Di più, la loro indagine svedese e il loro dialogo che svelerà tutti i retroscena del vampirismo sarà legato a filo triplo con la vicenda letteraria narrata da James, tant’è vero che verrà addirittura riportato, discusso e interpretato nel testo da parte dei personaggi il passo jamesiano finzionalmente attribuito al diario di Magnus e relativo al “Pellegrinaggio Nero”, che lo avrebbe messo in contatto con le potenze delle tenebre. Per poter andare avanti nella loro investigazione e scoprire la vera natura del vampirismo, allora, i detectives non solo dovranno leggere i documenti appartenuti all’alchimista e ora in mano a Von Geijerstam, ma anche visitarne il laboratorio, nonché la stessa cripta, venendo a scoprire infine come il vampirismo del Conte non fosse altro che la risultante dell’invasamento da parte degli alieni che - come si diceva prima - già in passato bazzicavano frequentemente il nostro pianeta come “riserva di caccia”.
Ecco quindi che intrecciato ai differenti temi del racconto e alla complessiva intelaiatura meta-narrativa scopriamo ne I vampiri dello spazio anche una profondissima riscrittura, o meglio integrazione, de “Il Conte Magnus” di James (fra le varie cose narrate da Von Geijerstam, veniamo a sapere anche della sua sorte successiva al risveglio del quale avevamo appreso l’andamento nella narrazione ottocentesca). Il testo viene quindi completato e riorientato all’interno di una nuova e moderna lettura fantascientifico-psicologico-horrorifica, introducendo anche elementi a ulteriore tradizione weird che dal racconto originale jamesiano non sarebbero stati davvero desumibili.

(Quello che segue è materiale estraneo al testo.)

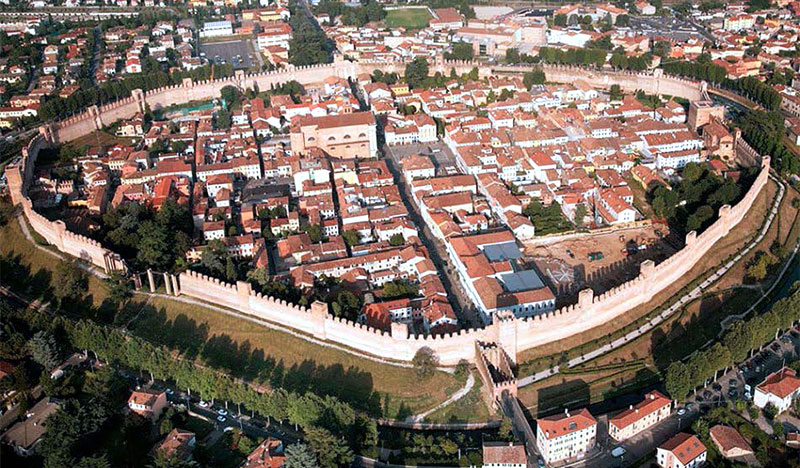 Mura che uniscono Castrum Cittadella dall'alto visibile la forma ellitica del camminamento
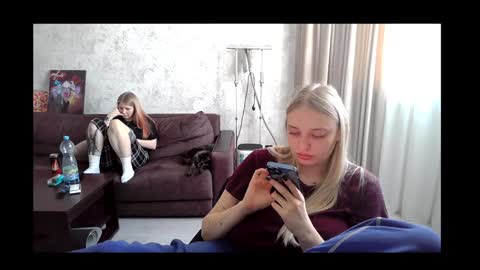 Snapshot of viktorlonsky chatting on 02.05.25 viktorlonsky online show from 02.05.25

Se incerta a suo tempo era, infatti, la forma del terribile famiglio che si era procurato nel corso del “Pellegrinaggio Nero” e che lo seguiva ovunque (quello stesso che compariva negli arazzi e nelle sculture del testo di James, terrorizzando con il proprio aspetto indefinibile), adesso se ne fornisce una chiave interpretativa attraverso un’ipotesi anatomica riconoscibile che il lettore scaltro non può non cogliere, poiché sul sepolcro di Magnus – con un’innovazione decisa rispetto alla diversa descrizione del sarcofago da parte di James – viene fatta campeggiare in bella vista e con evidenza una figura dal misterioso significato, quella di un polpo nero con volto umano. Allo stesso modo, peraltro, di cefalopode si scopre essere il corpo originale dei vampiri dello spazio, come infatti lasciavano ipotizzare anche alcune forme organiche analoghe custodite nel vetro all’interno dell’astronave “Stranger”. E non è il caso di dire a quale scrittore in particolare si debba il proliferare di forme tentacolari e molluscoidi all’interno della tradizione letteraria fantascientifica e dell’orrore, e ci si rifaccia quindi attraverso questo riferimento letterario...
Fra giochi di specchi che si riflettono reciprocamente, incastri e stratificazioni successive, ecco dunque che i diversi livelli del romanzo lungi dal semplificarsi risultano sempre più intrecciati in un legame estremamente complesso. Si potrebbe proseguire, ma ci si fermerà qui poiché mi pare di aver abbastanza dimostrato la tesi interpretativa più interessante del presente articolo, e cioè che se un’unità si può trovare nel romanzo wilsoniano essa non può essere fornita tanto dai contenuti, quanto bensì dall’interpretazione stessa, vale a dire proprio dalla meta-narrazione, che indicando e contrassegnando la via che conduce dalla tradizione letteraria all’originalità di un’opera moderna consente di costruire su di essa numerosi edifici distinti, appartenenti in ogni caso, tuttavia, certamente al medesimo territorio.